TLDR
- Nvidia stock continues climbing towards $5 trillion valuation after recently passing $4 trillion mark
- Investor believes AI infrastructure spending will keep accelerating, driven by compute scaling needs like Grok 4’s development
- Company ordered 300,000 H20 chips for China market, adding to existing stockpile of 600,000-700,000 units
- Trump administration reversed export restrictions on H20 chips, which had cost Nvidia $10.5 billion in revenue
- Wall Street maintains Strong Buy rating with 34 Buy recommendations versus only 4 Hold/Sell ratings
Nvidia stock climbed 1.4% in premarket trading Tuesday, reaching $179.23 as the company races toward a $5 trillion valuation. The chip giant has been on a tear, recently breaking through the $4 trillion mark just weeks ago.

The latest gains come as Nvidia positions itself to capture massive demand from Chinese markets. Reuters reported the company placed orders for 300,000 H20 chips specifically designed for China.
This order adds to an existing stockpile of 600,000 to 700,000 units. The move comes after strong demand signals from Chinese buyers who have been eager to access Nvidia’s AI technology.
The timing couldn’t be better for Nvidia’s China strategy. The Trump administration recently reversed export restrictions on the H20 chip that had been costing the company serious money.
Those export curbs had hit Nvidia’s bottom line hard. The company reported losing $10.5 billion in revenue across its April and July quarters due to the restrictions.
AI Infrastructure Race Heats Up
One prominent investor sees no end to the AI spending spree that’s been driving Nvidia’s success. Simple Investment Ideas, a 5-star rated investor, points to recent developments like Grok 4 as proof the infrastructure race is just getting started.
“AI progress is driven primarily by scaling compute and data, not by new algorithms,” the investor explains. Grok 4’s performance jumps demonstrate how much raw computing power these new models demand.
The energy numbers tell the story. Training Grok 4 consumed 6 GW-hours of electricity – enough to power an entire city for a full day.
That level of power consumption shows why companies are scrambling for Nvidia’s energy-efficient accelerators. The Blackwell GB200 platform extends these efficiency gains even further.
CUDA Platform Creates Sticky Advantage
Nvidia’s software ecosystem gives it staying power beyond just hardware sales. The CUDA platform has become the standard foundation for AI development across universities and corporations.
This integration runs deep, from low-level optimization all the way up to high-level applications. Thousands of software vendors and engineers have standardized on Nvidia’s stack.

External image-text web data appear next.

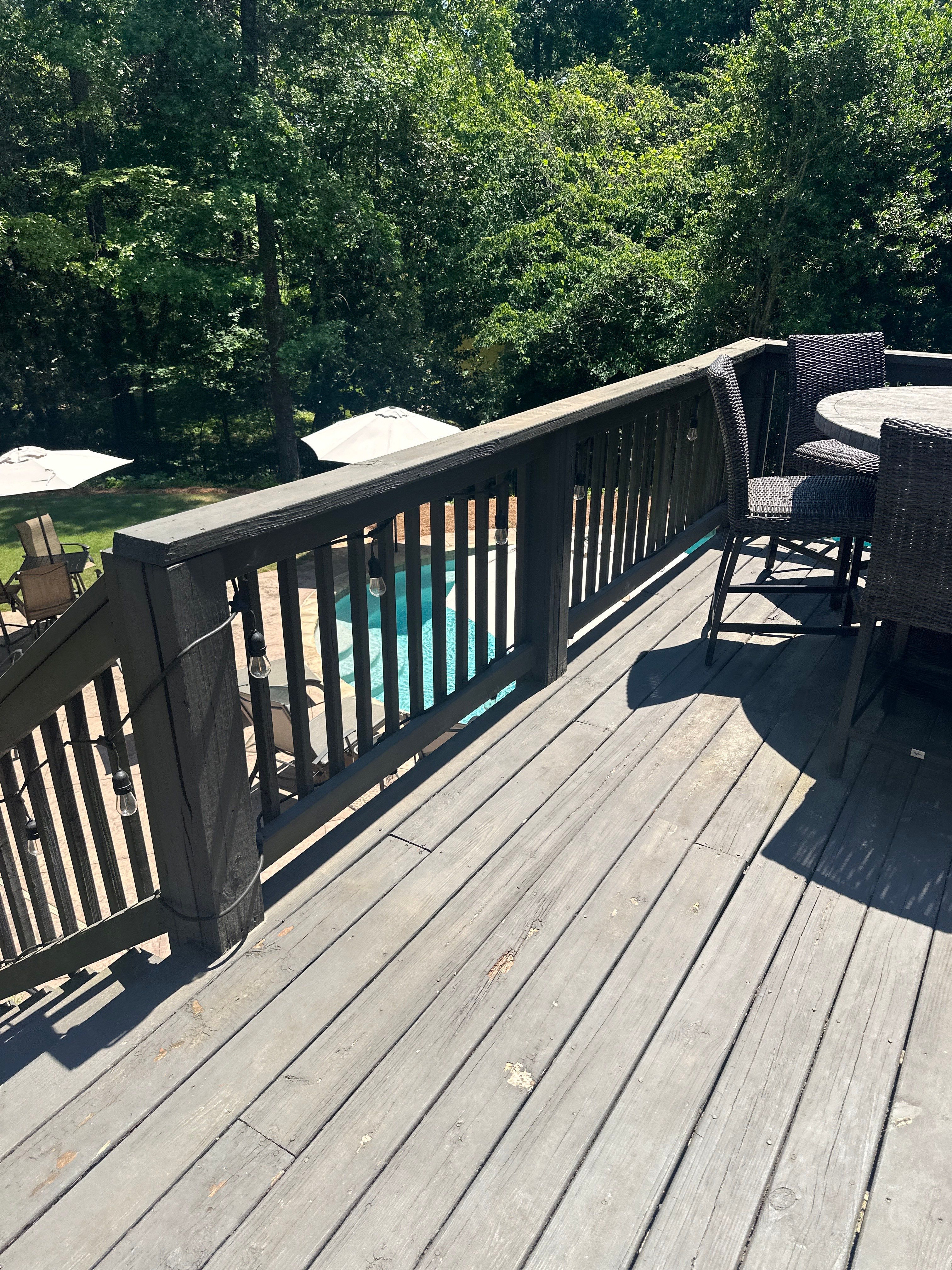 Marietta, GA Deck Resurface using Deckorators Summit Series Decking and ALX Contemporary Railing by Nelson Exteriors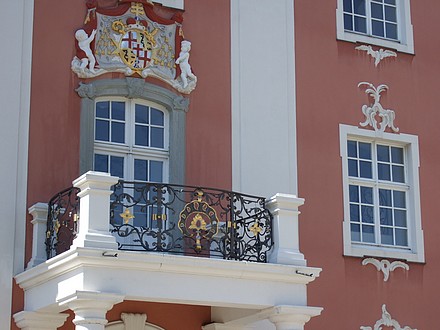 Détail du nouveau Château de Meersburg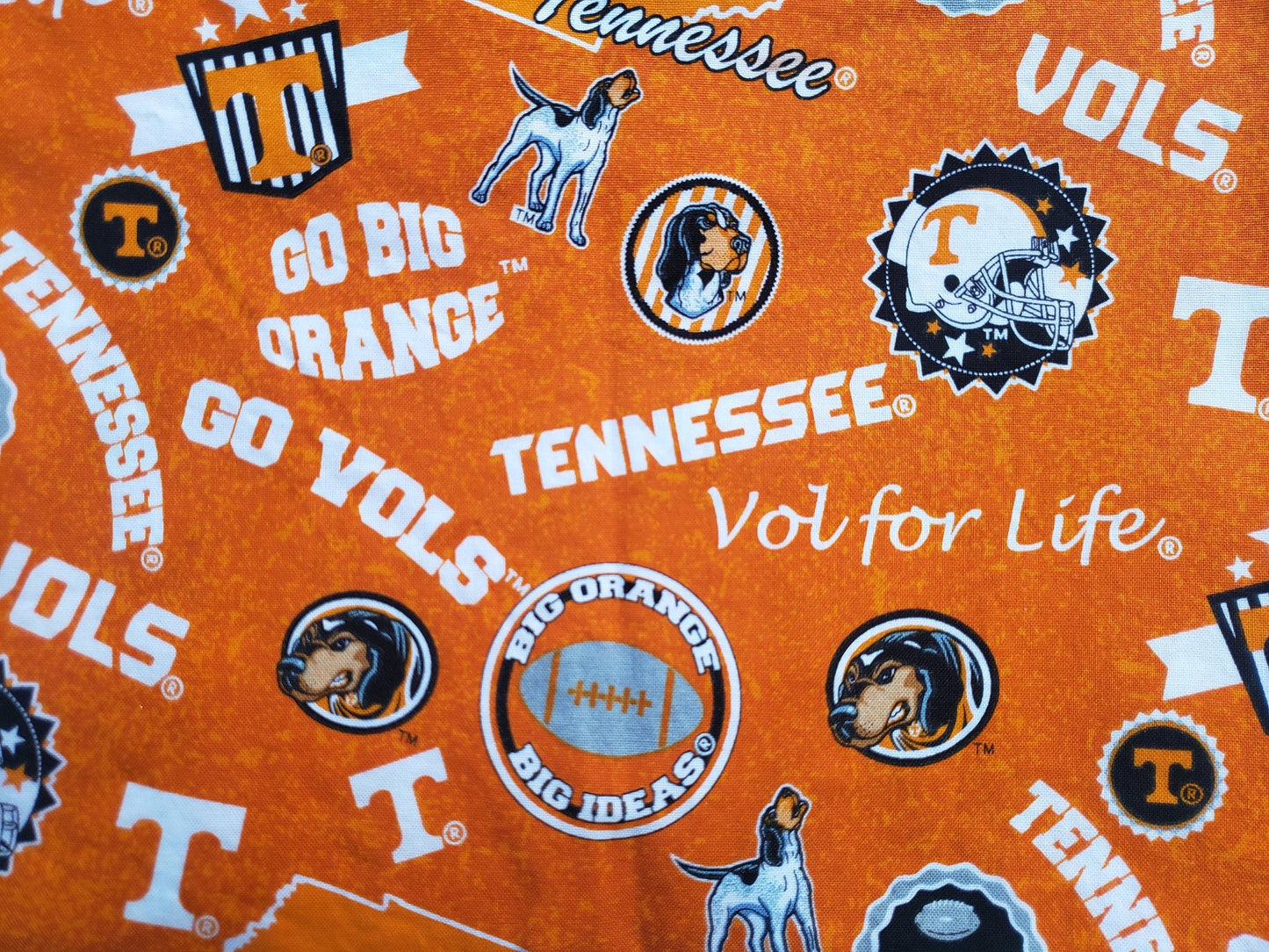 Clip on Dog Bandana With Buckle Pet Cat Bandanna Scarf University of Tennessee Volunteers VOLS ncaa ut Handmade to Order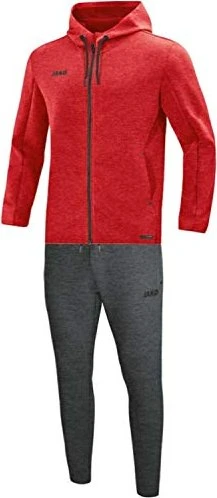 Jako Premium Basics mit Kapuze Trainingsanzug rot/meliert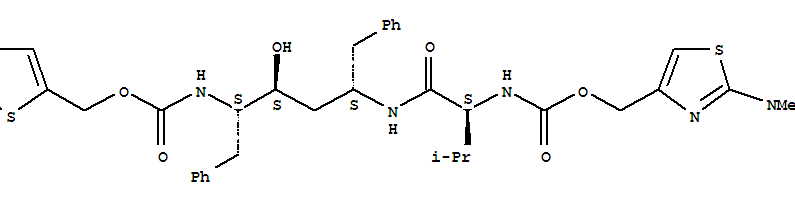 N~2~-({[2-(dimethylamino)-1,3-thiazol-4-yl]methoxy}carbonyl)-N-[(2S,4S,5S)-4-hydroxy-1,6-diphenyl-5-{[(1,3-thiazol-5-ylmethoxy)carbonyl]amino}hexan-2-yl]-L-valinamide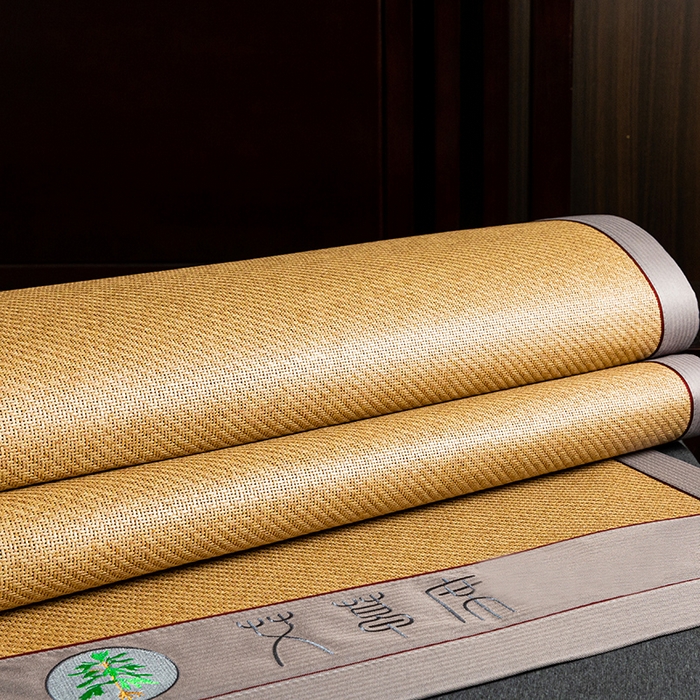 91家纺网 家纺一手货源 找家纺 娜朵家纺 2026新款艾草古藤席平铺款凉席 （平铺）艾草席-黄藤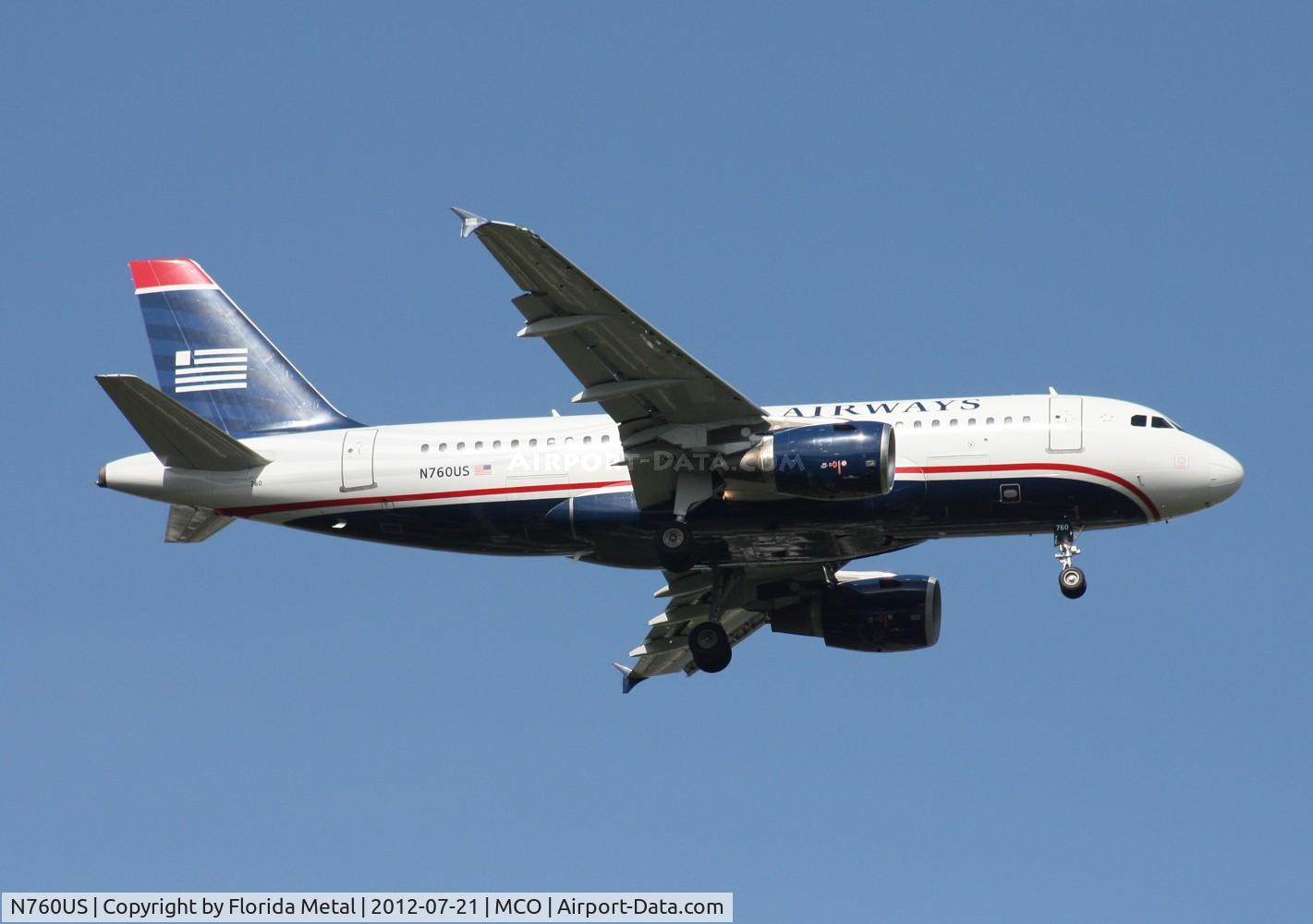 N760US, 2000 Airbus A319-112 C/N 1354, US Airways A319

That creates switching costs for competitors trying to lure customers away. Once developers build on CUDA, moving to alternatives becomes expensive and time-consuming.
The hyperscalers understand this dynamic. Simple Investment Ideas notes they’re incentivized to over-order GPUs rather than risk falling behind competitors.
This arms race mentality plays directly into Nvidia’s hands. Companies would rather have excess capacity than lose ground in the AI race.

Wall Street analysts seem convinced the momentum will continue. The stock holds a Strong Buy consensus with 34 Buy ratings against just 3 Holds and 1 Sell.
Other chip stocks rode Nvidia’s coattails higher Tuesday. Advanced Micro Devices gained 1.6% while Broadcom added 0.8% in premarket trading.
Nvidia’s stock closed Monday at another record high, gaining 1.9%. The company has weathered early 2025 concerns about excessive AI spending by hyperscalers as those same companies ultimately confirmed massive investment plans.
Taiwan Semiconductor Manufacturing, which produces the H20 chips for Nvidia, saw its shares decline 1.16% as investors digested the production ramp-up news.